--- INFORMATION PROVIDED ---

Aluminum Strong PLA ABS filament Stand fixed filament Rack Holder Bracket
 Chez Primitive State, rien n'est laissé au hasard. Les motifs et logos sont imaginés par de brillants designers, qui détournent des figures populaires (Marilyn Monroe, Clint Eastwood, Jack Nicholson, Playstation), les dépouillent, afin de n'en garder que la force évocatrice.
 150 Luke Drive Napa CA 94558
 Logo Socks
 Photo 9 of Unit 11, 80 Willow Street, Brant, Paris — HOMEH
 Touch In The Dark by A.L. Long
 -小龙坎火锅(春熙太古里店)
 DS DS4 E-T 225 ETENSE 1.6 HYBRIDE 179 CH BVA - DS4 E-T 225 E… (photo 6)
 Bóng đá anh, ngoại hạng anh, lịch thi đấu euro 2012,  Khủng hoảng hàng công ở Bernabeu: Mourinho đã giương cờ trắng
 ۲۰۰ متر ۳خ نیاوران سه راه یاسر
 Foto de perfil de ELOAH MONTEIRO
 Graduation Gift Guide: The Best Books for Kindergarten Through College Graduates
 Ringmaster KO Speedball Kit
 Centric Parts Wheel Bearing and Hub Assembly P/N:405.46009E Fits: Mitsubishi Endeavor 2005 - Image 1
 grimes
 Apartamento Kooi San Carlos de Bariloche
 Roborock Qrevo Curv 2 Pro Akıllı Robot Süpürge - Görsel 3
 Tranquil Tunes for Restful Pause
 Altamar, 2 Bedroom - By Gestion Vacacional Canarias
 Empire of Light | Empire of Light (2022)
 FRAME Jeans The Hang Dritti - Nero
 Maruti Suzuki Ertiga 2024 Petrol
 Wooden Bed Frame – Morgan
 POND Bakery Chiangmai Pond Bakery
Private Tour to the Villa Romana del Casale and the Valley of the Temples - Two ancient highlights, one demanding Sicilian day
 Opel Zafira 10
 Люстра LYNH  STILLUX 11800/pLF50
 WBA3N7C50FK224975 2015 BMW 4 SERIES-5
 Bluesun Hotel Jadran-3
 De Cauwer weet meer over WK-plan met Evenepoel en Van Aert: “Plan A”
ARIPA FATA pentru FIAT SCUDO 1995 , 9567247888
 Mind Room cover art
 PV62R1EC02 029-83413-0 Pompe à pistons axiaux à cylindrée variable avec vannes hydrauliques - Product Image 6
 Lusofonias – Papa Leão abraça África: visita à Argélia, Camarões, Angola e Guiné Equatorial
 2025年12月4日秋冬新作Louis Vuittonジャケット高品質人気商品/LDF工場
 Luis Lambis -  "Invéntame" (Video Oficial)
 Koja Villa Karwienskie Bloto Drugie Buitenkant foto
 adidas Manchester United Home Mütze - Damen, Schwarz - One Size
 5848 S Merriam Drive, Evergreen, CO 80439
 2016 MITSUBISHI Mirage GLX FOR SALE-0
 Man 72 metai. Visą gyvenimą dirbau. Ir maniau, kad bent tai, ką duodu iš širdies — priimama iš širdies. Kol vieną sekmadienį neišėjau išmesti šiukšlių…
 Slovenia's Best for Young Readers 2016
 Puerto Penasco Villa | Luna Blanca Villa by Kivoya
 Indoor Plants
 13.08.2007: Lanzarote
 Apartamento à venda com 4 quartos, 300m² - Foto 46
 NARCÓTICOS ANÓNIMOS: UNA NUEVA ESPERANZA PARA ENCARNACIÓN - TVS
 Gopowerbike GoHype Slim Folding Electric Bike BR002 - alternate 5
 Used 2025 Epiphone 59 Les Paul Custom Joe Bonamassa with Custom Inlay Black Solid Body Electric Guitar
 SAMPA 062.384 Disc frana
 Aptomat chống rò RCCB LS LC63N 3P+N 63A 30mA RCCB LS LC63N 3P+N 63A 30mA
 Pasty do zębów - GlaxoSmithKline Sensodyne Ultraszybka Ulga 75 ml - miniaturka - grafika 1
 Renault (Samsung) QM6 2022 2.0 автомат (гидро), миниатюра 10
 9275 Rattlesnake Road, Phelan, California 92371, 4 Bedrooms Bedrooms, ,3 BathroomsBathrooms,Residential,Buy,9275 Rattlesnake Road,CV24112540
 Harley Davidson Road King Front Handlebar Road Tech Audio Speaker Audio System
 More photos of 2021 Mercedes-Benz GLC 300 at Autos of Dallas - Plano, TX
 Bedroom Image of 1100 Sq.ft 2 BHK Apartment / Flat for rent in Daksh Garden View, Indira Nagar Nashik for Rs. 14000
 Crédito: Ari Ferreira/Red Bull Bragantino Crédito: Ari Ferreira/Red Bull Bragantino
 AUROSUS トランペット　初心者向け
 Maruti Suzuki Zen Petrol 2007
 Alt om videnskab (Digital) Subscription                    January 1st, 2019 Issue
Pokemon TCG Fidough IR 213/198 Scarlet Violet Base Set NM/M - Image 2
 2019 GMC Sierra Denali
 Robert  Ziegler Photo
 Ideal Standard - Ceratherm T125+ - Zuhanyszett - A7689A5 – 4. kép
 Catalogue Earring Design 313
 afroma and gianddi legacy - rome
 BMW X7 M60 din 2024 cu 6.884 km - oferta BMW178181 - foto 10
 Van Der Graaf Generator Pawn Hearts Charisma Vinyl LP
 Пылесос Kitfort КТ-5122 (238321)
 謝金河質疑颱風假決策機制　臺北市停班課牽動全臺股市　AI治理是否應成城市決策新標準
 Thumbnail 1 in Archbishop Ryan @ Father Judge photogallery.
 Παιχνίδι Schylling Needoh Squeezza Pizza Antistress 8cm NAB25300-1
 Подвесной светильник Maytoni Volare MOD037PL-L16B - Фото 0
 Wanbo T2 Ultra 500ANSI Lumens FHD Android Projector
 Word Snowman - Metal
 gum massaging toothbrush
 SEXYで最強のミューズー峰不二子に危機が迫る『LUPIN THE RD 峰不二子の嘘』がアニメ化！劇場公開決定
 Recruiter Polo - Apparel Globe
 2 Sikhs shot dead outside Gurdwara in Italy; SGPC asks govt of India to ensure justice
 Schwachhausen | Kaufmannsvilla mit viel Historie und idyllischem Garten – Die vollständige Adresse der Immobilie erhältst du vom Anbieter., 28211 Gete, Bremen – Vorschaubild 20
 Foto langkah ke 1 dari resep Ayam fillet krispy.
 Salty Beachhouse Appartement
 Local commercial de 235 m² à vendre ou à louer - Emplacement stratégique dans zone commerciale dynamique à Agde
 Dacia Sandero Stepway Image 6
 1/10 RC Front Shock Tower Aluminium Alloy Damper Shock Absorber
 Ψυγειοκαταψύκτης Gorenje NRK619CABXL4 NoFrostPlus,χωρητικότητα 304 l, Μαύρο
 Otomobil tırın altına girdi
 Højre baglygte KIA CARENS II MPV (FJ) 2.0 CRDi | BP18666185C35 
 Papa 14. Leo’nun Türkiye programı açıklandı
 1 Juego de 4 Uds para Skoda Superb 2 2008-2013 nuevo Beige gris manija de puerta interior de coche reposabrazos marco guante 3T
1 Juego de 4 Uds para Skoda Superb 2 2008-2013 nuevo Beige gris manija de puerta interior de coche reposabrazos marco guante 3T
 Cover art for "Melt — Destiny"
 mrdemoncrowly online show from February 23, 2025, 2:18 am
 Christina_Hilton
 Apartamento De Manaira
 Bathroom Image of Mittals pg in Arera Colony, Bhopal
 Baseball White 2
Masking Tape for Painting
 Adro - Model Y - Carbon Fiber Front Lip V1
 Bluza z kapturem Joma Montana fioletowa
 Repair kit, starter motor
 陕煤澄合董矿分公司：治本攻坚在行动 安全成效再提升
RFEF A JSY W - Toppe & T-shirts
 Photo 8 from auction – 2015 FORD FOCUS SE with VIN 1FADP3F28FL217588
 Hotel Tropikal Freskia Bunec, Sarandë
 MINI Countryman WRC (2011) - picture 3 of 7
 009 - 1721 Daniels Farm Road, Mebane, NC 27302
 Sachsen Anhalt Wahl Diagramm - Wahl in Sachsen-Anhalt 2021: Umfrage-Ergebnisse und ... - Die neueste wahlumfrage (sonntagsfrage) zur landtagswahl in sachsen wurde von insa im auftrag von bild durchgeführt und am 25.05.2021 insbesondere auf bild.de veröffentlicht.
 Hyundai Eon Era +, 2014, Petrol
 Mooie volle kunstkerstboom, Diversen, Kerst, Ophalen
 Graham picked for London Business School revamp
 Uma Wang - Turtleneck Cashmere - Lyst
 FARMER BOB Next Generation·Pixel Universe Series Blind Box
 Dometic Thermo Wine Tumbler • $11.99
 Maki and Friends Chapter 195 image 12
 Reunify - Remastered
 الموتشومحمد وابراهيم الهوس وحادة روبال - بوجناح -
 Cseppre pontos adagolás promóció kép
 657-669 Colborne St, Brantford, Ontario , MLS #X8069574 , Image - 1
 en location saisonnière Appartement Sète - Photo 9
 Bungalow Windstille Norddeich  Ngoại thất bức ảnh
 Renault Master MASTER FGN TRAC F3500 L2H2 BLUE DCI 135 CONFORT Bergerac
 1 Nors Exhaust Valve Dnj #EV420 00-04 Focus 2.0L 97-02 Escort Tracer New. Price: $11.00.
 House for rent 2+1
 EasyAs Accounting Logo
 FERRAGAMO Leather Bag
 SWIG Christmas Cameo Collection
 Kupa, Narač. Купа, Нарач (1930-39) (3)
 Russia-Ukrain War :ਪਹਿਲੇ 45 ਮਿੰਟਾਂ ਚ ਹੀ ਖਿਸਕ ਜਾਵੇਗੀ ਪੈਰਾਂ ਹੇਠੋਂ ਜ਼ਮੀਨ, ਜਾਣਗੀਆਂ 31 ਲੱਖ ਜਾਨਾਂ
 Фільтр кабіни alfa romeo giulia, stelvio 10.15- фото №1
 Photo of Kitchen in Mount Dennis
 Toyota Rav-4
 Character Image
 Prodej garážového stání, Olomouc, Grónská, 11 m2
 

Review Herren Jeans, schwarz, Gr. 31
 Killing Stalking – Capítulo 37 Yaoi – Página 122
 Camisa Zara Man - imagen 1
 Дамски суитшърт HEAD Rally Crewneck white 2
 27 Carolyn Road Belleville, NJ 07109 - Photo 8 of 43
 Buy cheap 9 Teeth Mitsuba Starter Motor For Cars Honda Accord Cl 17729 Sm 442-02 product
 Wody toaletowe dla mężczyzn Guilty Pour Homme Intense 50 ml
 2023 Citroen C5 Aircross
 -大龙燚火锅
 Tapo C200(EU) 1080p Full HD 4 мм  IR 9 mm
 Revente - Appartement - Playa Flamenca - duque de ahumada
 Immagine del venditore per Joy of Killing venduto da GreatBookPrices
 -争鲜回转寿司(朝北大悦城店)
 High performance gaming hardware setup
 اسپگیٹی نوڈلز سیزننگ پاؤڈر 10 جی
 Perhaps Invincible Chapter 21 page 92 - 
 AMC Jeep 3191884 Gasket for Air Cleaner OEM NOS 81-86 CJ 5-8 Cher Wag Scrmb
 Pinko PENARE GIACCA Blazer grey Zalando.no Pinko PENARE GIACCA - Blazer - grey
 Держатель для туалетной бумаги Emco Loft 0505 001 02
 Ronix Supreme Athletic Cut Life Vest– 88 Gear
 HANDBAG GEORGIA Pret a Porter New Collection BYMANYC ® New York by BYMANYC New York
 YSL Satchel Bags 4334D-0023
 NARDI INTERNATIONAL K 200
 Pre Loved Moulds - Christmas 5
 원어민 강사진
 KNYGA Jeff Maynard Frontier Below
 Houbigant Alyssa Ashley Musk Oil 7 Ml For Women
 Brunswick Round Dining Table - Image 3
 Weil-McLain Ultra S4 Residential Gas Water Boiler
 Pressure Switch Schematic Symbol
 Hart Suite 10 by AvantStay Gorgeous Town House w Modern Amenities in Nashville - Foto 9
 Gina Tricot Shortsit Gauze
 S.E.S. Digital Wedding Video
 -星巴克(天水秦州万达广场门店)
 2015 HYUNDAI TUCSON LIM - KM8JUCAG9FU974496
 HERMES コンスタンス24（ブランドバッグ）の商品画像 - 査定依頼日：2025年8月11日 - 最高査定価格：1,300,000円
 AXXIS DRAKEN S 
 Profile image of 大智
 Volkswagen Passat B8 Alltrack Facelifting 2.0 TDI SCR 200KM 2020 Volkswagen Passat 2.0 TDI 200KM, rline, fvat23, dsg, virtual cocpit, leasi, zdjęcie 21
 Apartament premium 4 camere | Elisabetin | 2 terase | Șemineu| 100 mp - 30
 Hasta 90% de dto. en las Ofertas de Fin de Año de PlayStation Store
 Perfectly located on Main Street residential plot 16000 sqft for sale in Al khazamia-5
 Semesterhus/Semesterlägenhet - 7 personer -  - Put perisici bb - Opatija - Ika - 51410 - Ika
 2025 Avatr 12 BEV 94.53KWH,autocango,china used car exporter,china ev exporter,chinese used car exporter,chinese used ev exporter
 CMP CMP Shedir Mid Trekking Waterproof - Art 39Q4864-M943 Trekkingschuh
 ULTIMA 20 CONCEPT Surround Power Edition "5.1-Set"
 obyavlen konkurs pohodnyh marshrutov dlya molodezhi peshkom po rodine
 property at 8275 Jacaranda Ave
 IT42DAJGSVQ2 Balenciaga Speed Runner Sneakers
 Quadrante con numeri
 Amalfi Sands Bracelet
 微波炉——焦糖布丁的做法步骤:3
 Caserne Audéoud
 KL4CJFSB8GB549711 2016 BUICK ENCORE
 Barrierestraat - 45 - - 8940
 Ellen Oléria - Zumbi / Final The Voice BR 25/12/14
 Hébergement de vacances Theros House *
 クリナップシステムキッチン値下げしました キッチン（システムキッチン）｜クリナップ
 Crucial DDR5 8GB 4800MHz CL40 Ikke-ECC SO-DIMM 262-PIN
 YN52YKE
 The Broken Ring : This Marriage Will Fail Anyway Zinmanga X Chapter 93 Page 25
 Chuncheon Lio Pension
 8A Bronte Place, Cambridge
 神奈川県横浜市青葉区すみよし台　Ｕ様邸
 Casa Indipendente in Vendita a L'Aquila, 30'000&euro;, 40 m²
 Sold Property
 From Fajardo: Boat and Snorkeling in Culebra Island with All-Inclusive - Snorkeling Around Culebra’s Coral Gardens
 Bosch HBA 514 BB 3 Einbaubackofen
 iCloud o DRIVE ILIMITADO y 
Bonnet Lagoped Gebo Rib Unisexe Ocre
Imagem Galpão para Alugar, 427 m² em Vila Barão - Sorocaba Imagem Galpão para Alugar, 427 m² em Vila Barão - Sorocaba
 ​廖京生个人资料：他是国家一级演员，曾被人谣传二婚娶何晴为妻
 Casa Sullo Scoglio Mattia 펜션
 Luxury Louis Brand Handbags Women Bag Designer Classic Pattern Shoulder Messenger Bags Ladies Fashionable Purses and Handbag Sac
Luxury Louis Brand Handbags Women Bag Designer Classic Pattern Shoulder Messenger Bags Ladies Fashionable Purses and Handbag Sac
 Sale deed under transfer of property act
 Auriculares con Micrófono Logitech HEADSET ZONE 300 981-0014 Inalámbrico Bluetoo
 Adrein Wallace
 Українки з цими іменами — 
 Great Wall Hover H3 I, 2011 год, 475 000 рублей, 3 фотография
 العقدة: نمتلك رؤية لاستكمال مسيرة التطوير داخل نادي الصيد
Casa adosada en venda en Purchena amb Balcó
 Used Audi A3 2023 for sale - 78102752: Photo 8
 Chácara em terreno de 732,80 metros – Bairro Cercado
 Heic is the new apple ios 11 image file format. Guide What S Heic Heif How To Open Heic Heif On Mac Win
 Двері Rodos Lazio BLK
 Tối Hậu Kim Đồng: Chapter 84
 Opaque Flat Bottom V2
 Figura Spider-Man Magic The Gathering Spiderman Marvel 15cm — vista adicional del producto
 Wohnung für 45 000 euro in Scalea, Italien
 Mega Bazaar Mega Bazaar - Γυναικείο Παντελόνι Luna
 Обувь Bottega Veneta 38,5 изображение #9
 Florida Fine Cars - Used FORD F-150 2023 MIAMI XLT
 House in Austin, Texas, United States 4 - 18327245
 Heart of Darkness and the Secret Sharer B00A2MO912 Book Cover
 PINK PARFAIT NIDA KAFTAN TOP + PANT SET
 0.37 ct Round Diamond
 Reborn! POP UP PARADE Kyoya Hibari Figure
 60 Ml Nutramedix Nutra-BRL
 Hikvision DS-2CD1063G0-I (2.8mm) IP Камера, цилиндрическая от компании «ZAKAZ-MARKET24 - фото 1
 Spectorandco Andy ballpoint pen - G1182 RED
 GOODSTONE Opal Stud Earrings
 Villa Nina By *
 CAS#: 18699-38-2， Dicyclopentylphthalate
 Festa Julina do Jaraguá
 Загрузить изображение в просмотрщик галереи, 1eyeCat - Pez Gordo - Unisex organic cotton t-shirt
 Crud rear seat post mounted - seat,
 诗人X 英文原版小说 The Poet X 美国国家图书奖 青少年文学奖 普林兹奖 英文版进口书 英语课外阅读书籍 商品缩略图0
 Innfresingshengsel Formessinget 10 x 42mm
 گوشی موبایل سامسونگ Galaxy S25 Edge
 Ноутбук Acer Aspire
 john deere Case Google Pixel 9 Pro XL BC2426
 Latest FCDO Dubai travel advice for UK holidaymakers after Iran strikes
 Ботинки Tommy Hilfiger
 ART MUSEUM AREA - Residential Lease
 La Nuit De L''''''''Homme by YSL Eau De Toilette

---

* **WHAT TO DO**:
Tally the lines above that include "Street", and reply with only the tally.

* **ANSWER TO THE EXERCISE**:
2